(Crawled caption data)

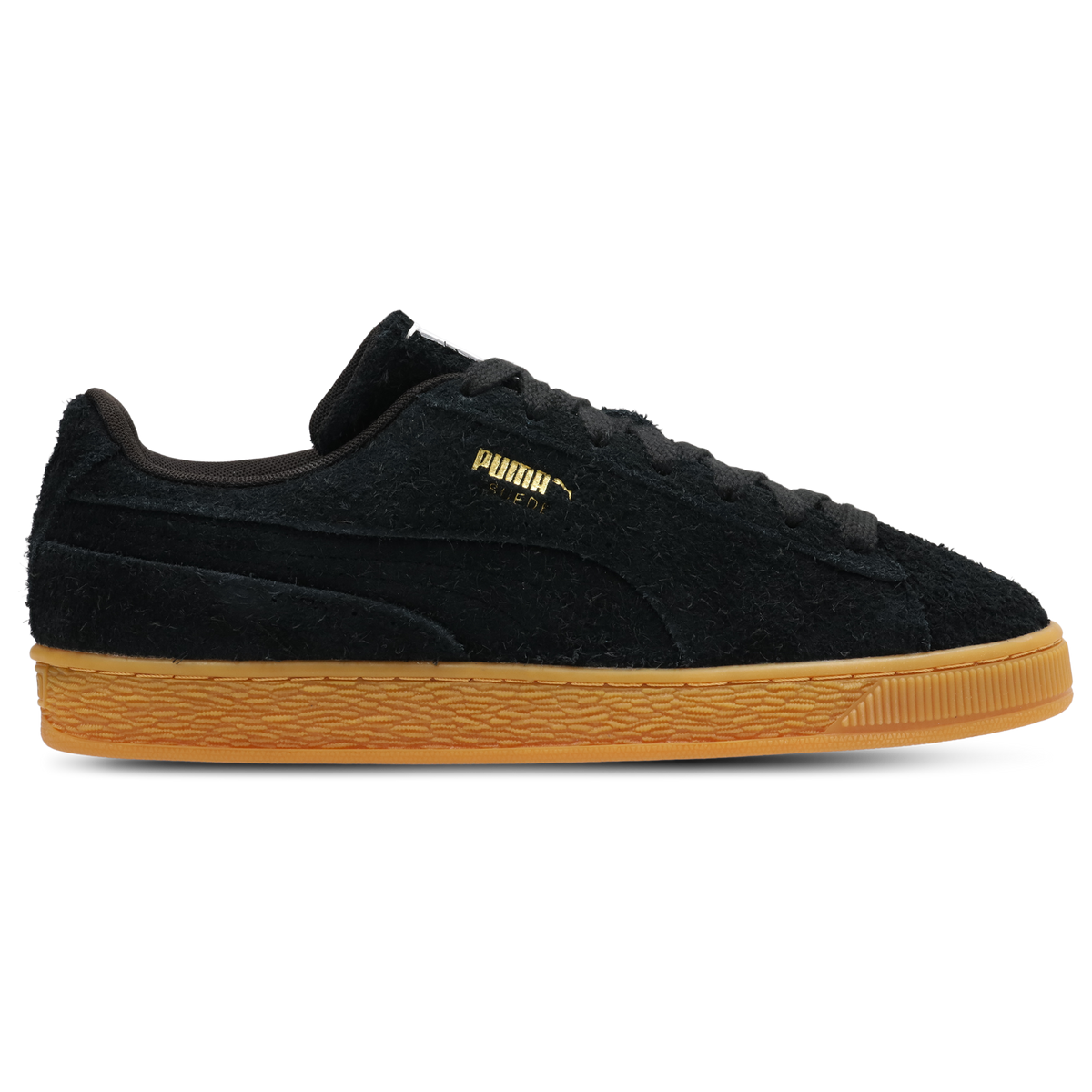 Puma Suede XL Hombre Black-Gold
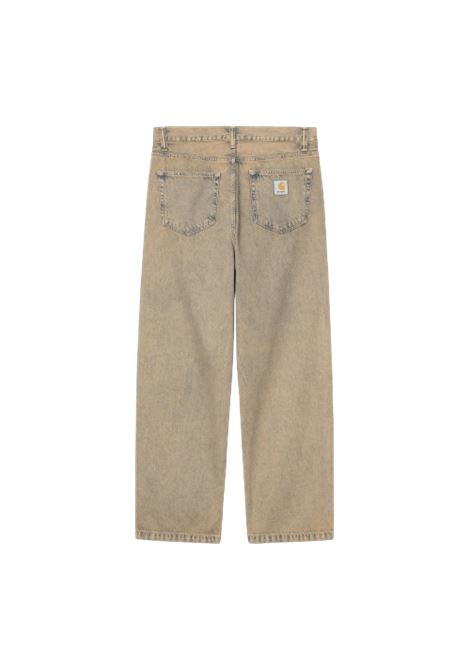 pantaloni landon uomo blu e beige CARHARTT WIP | I0358203FU.GD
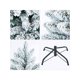 thumbnail image 2 of 6-foot snow-flocked artificial christmas tree: pre-lit hinged pine tree con 250 LED lights y metal stand - slim design para home, oficina, o party decor, 2 of 10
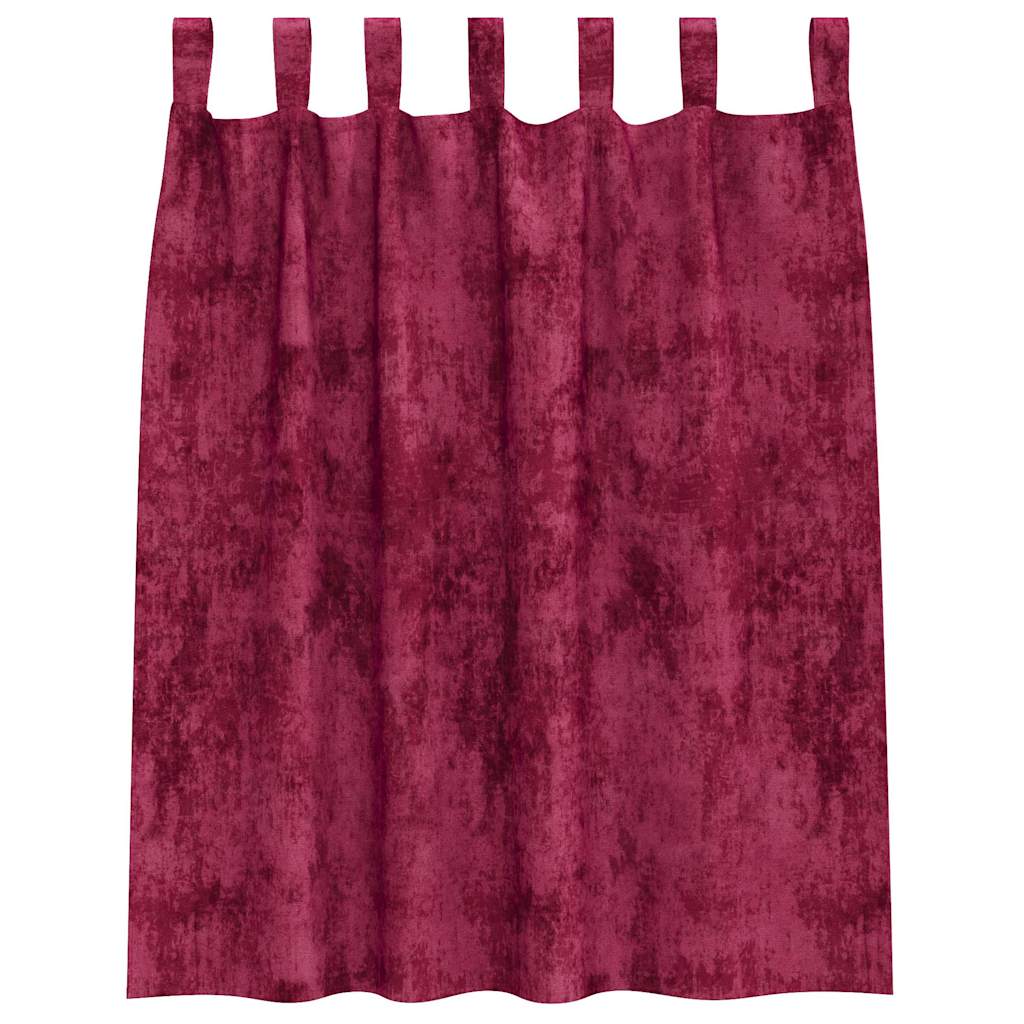Velvet Gordijnen 2 st Wijnrood 140 x 140 cm Fluweel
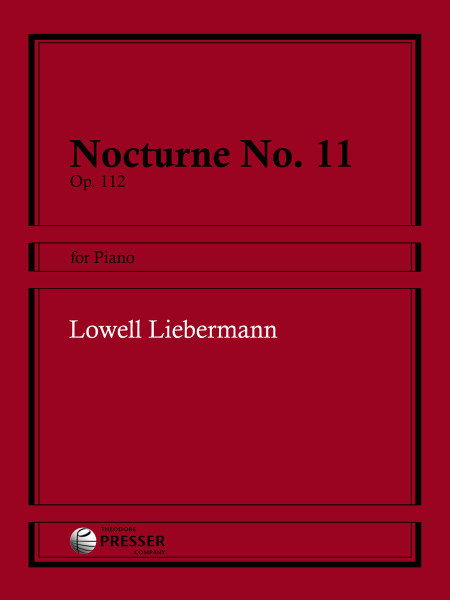 Liebermann - Nocturne No.11, Op. 112 Single Sheet for Intermediate to Advanced Piano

(WHAT YOU ARE ASKED TO DO)
Would you please output each record exactly, leaving the images out?

(COMPLETED EXERCISE)
 Puma Suede XL Hombre Black-Gold
 pantaloni landon uomo blu e beige CARHARTT WIP | I0358203FU.GD
 thumbnail image 2 of 6-foot snow-flocked artificial christmas tree: pre-lit hinged pine tree con 250 LED lights y metal stand - slim design para home, oficina, o party decor, 2 of 10
Velvet Gordijnen 2 st Wijnrood 140 x 140 cm Fluweel
 Liebermann - Nocturne No.11, Op. 112 Single Sheet for Intermediate to Advanced Piano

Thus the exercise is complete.